- [Work instructions]: Transcribe exactly, and only, the lines from the one containing "Sto Kefali To" through the end of the entries below, leaving the pictures out.

- [Data to use]:
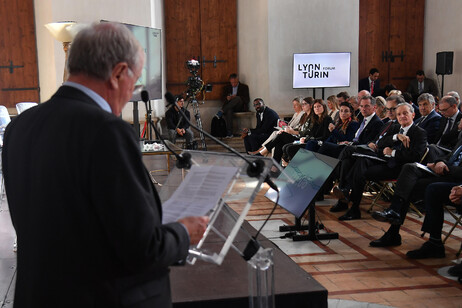 f5514f859e261b48e8611e9a5b5b06c4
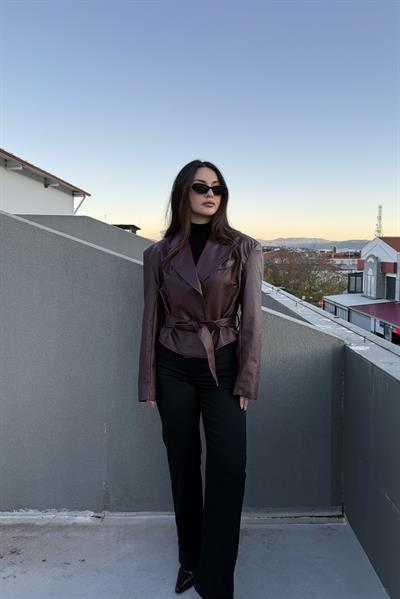 Kruvaze Vatkalı Kuşaklı Bordo Deri Ceket
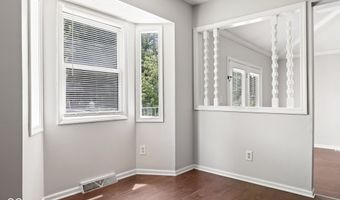 721 Pioneer Dr, Indianapolis, IN 46217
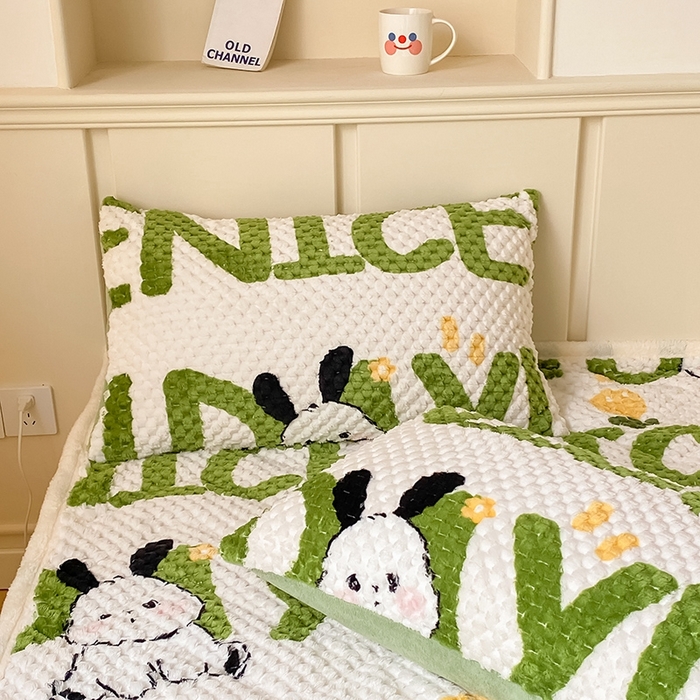 91家纺网 家纺一手货源 找家纺 澳梵家居 2023新款豆豆绒夹棉床护垫 字母兔兔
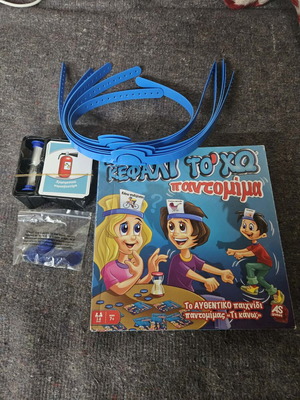 Sto Kefali To Echo Pantomime used, 72 cards, 24 tokens, 6 crowns, 1 hourglass
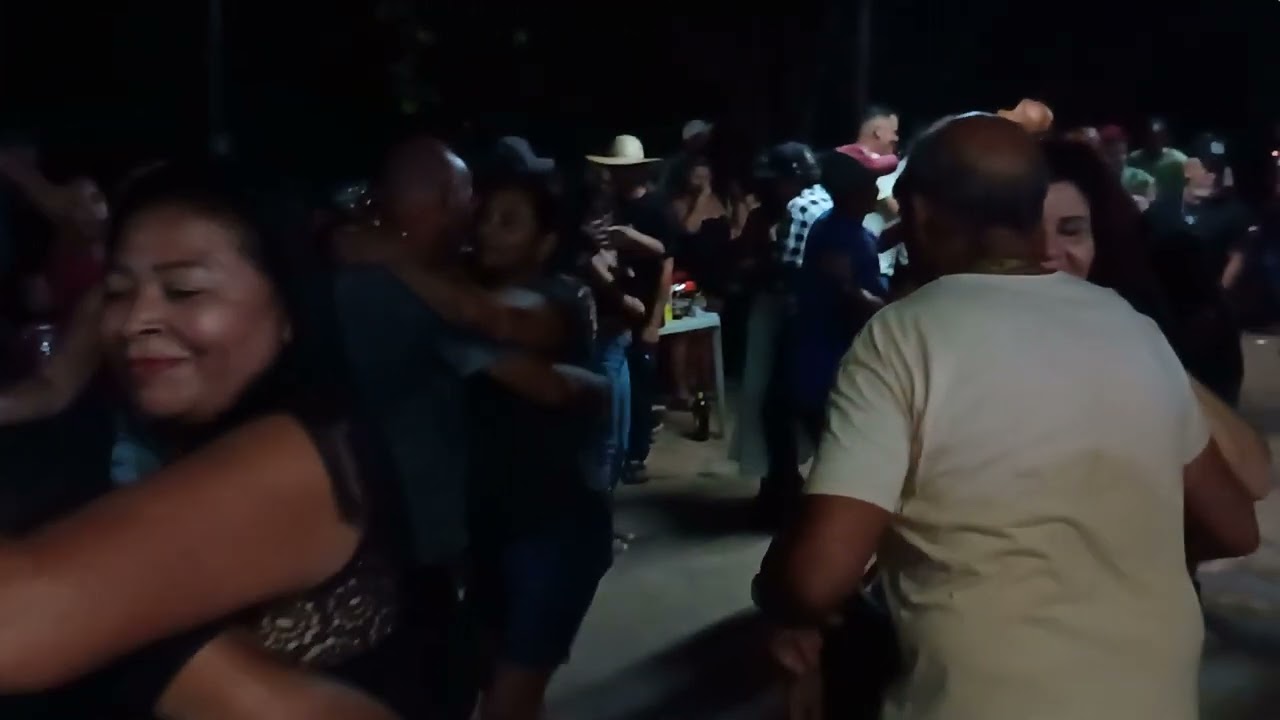 IZAÍAS AJALA SÓ NO BAILÃO COM FORRÓ 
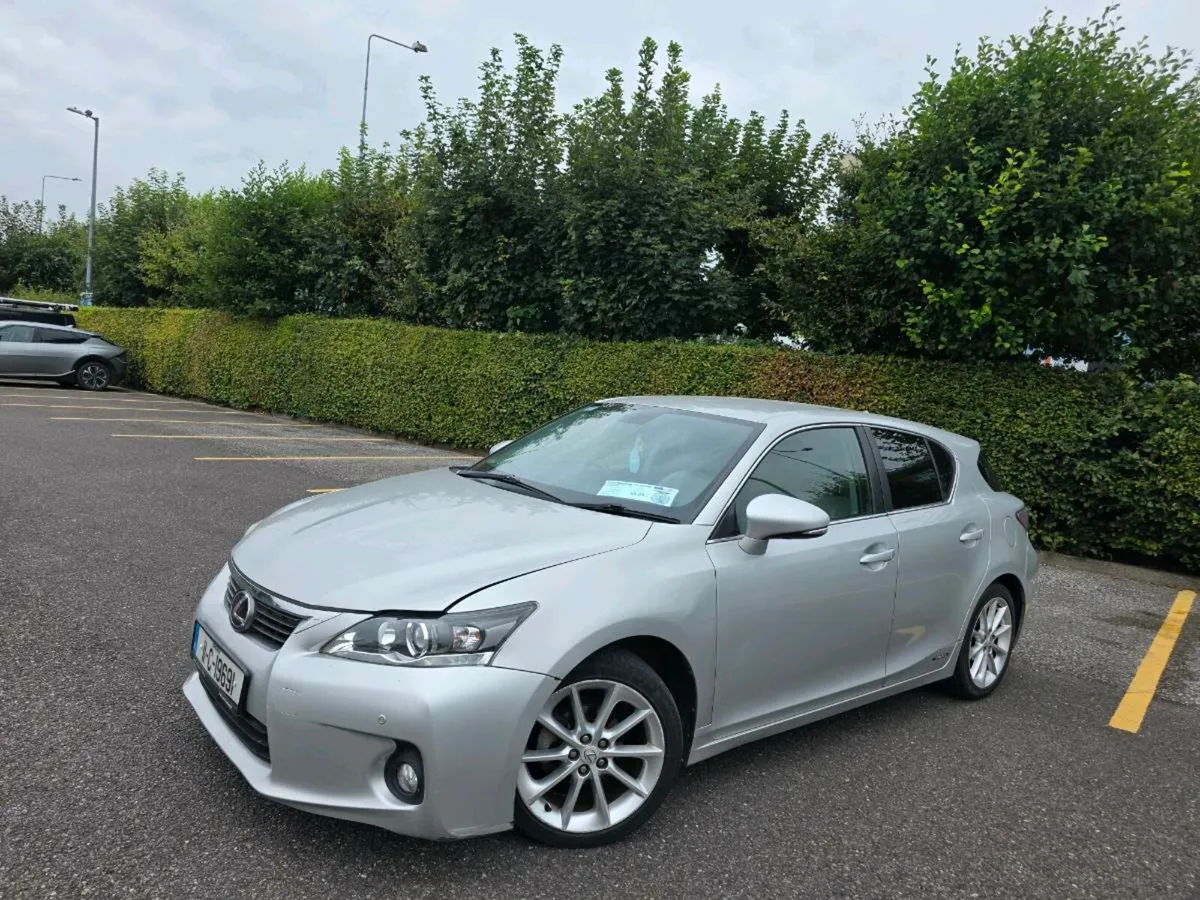 Lexus ct200h fresh nct fresh tax AUTOMATIC - Image 4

- [Task response]:
 Sto Kefali To Echo Pantomime used, 72 cards, 24 tokens, 6 crowns, 1 hourglass
 IZAÍAS AJALA SÓ NO BAILÃO COM FORRÓ 
 Lexus ct200h fresh nct fresh tax AUTOMATIC - Image 4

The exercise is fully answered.